Deadly storm strikes northern Europe

11:57 am on 29 October 2013

Hurricane strength winds have battered Britain and mainland Europe killing at least seven people, cutting power and forcing hundreds of plane and train cancellations.

Falling trees caused deaths in Britain and the Netherlands and there were fatalities in France and Denmark as the storm barrelled through northern Europe.

Winds of up 160 km/h lashed southern England and Wales in the worst storm recorded in Britain in a decade.

A 17-year-old girl was killed when a tree fell onto her home while she slept in the county of Kent, southeast of London, while a man in his 50s was killed when a tree crushed his car in the town of Watford, just north of the capital, Reuters reports.

A man and a woman were found dead in west London after several houses were damaged in a suspected gas explosion on a street where the storm blew a tree down. London police said the tree may have damaged gas pipes, causing the explosion.

About 180,000 customers in Britain were left without power and in southern England, toppled trees damaged properties and flooding made some roads impassable.

London's Heathrow airport said 130 flights were cancelled, mostly in the morning, London's commuter train service was shut down and several Tube lines were partially suspended.
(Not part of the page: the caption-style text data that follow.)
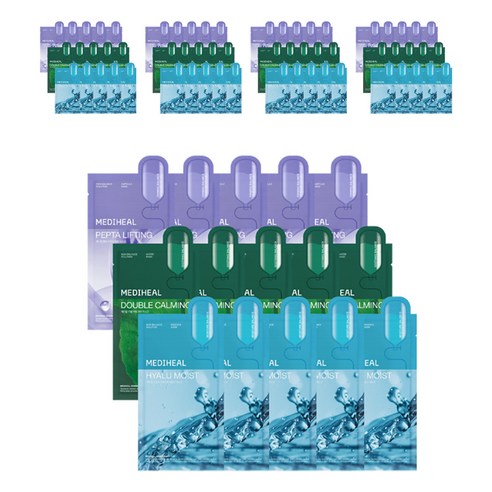 메디힐 더블 카밍 워터 5p + 히알루 모이스트 에센스 5p + 펩타 리프팅 앰플 5p 마스크팩 세트, 15개입, 5개
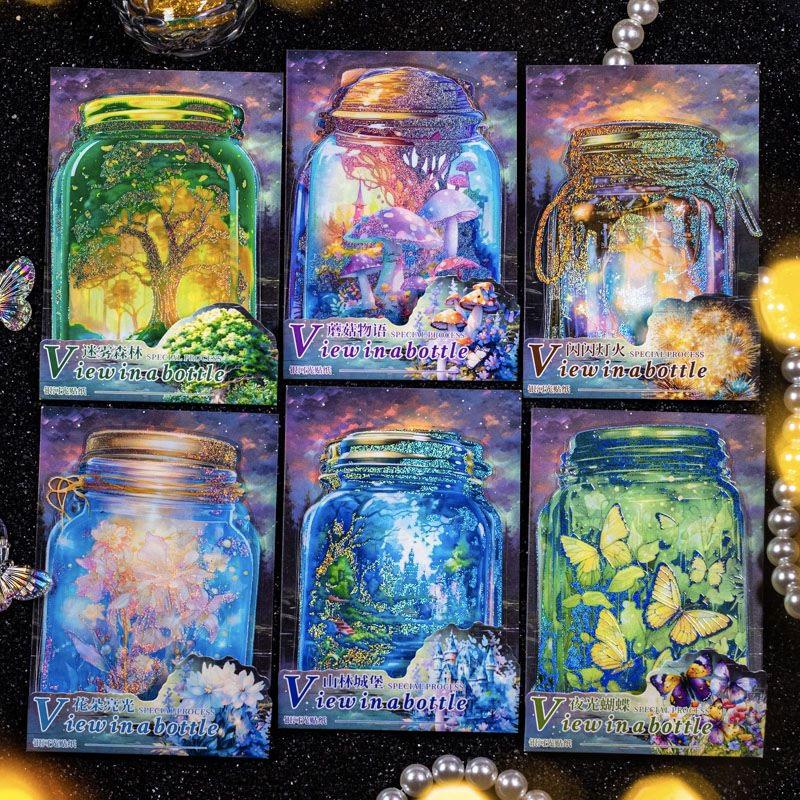 コラージュ 素材 シール ボトル 瓶 ビン 蝶 キノコ 花 ジャンク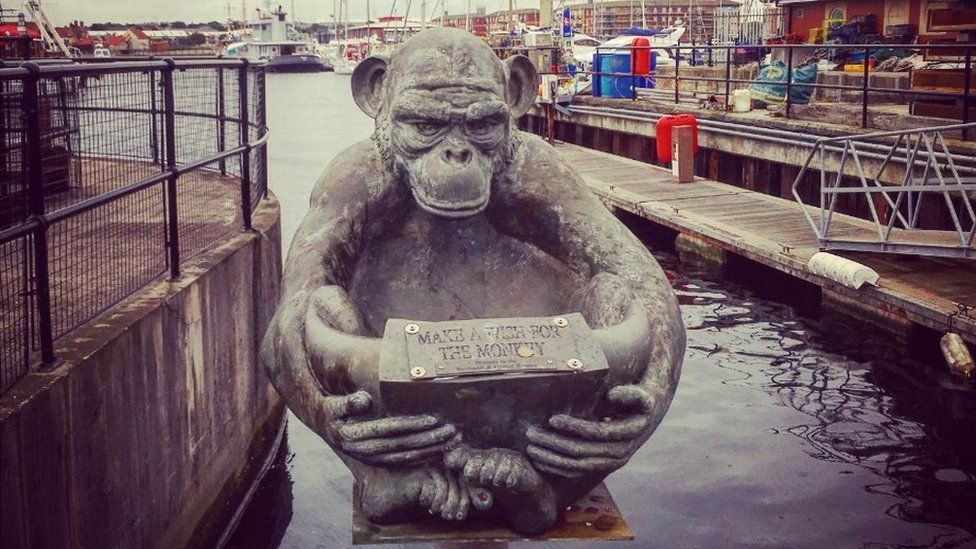 The statue of the monkey in Hartlepool marina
Two major motorway bridges, the Dartford Crossing and the Severn motorway bridge linking England to South Wales, were shut.

A crane smashed into the Cabinet Office, a ministry in the heart of London, forcing Deputy Prime Minister Nick Clegg to cancel a news conference.

Storms strikes Netherlands

A woman was killed and two people seriously hurt by falling trees in the Dutch capital as heavy winds also swept across the Netherlands, uprooting trees and shutting down all train traffic to Amsterdam.

Hurricane-force winds of more than 150 km/h were recorded on one of the islands off the northern Dutch coast.

Uprooted trees smashed cars, homes and sank a houseboat along an Amsterdam canal. Roofs were blown off buildings and several houseboats were ripped off their moorings, police said.

Fifty flights at Amsterdam's Schiphol airport were cancelled and Rotterdam Port, Europe's busiest, said incoming and outgoing vessels were delayed.

In France, a 47-year-old woman was found dead after being swept out to sea during a cliff walk on Belle Ile, an island off France's northwestern Brittany coast where the high winds generated waves of five to six metres, local authorities said.

Winds in the north and northwest felled felling trees, whipped up seas and cut power supplies to around 75,000 homes.

A Danish man was killed in Gilleleje, north of the capital Copenhagen, by a collapsing wall when the storm later struck Scandinavia with undiminished force.